* [WHAT NEEDS TO BE DONE]: Copy the lines below word for word, skipping any image.

* [INFORMATION PROVIDED]:
.....
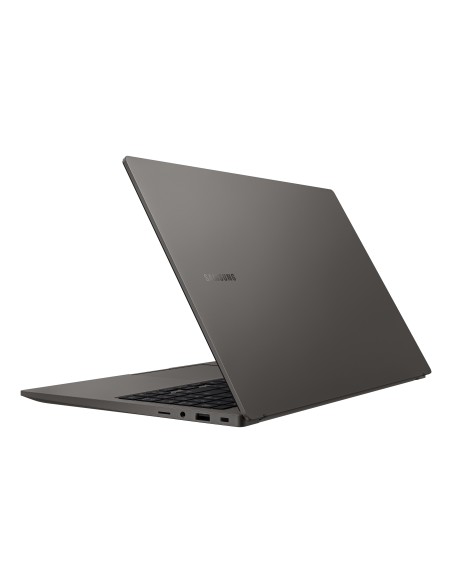 Samsung Galaxy Book3 (15.6”, i7, 16GB, Intel Iris Xe)
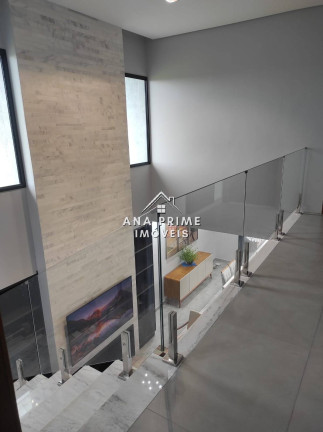 Imagem Sobrado com 3 Quartos à Venda, 249 m² em Caçapava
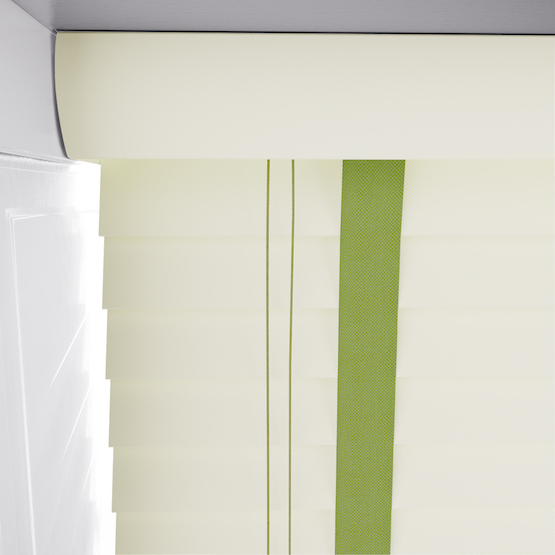 Statement Classic Cream with Lime Tapes venetian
.....
* [OUTPUT FOR THIS EXERCISE]:
 Samsung Galaxy Book3 (15.6”, i7, 16GB, Intel Iris Xe)
 Imagem Sobrado com 3 Quartos à Venda, 249 m² em Caçapava
 Statement Classic Cream with Lime Tapes venetian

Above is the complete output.